The overarching goal of the project is to develop, test, and explore a novel platform based on a new class of ultracold molecules with unprecedentedly large polar interactions, one to two orders of magnitude larger than for existing ultracold molecular species. This platform will enable a unique series of experiments to study controlled collisions and novel phenomena at the transition from few- and many-body physics.
Molecules with electric dipole moments experience anisotropic long-range interactions and at ultracold temperatures, the quantum nature of these interactions enables applications in quantum chemistry, quantum simulation and quantum computation. The selection of molecules was so far limited to molecules that can be directly laser-cooled or that are composed from ultracold alkali atoms. By contrast, UltraMeDiQs will use optical tweezer arrays as a versatile approach to associate individual ultracold silver (Ag) and cesium (Cs) atoms to molecules.
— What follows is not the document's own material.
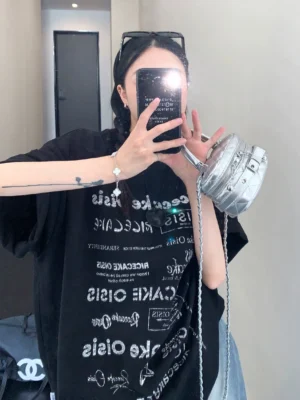 Black typographic riot oversized streetwear t-shirt front view with all-over white lettering and dropped shoulders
CsAg features an almost ionic bond and therefore a remarkably large electric dipole moment — large enough to create for the first time ultracold molecular ensembles deep in the strongly interacting regime.
The high dipole moment of CsAg makes it also an ideal candidate to investigate so-called field-linked molecules with lifetimes exceeding 10 s. This in turn will enable the deterministic study of (in)elastic collisions involving these states, the formation of weakly bound metal cluster states, and the potential expansion of these clusters to many-body states. UltraMeDiQs will investigate few- and many-body mesoscopic quantum systems with large dipolar interactions using CsAg as constituents in optical tweezer arrays and optical lattices. The flexibility of the platform and tunability of the dipole interaction will, for instance, enable the simulation of topological optical phonons in a wide range of lattice configurations and the formation of dipolar quantum Wigner crystals.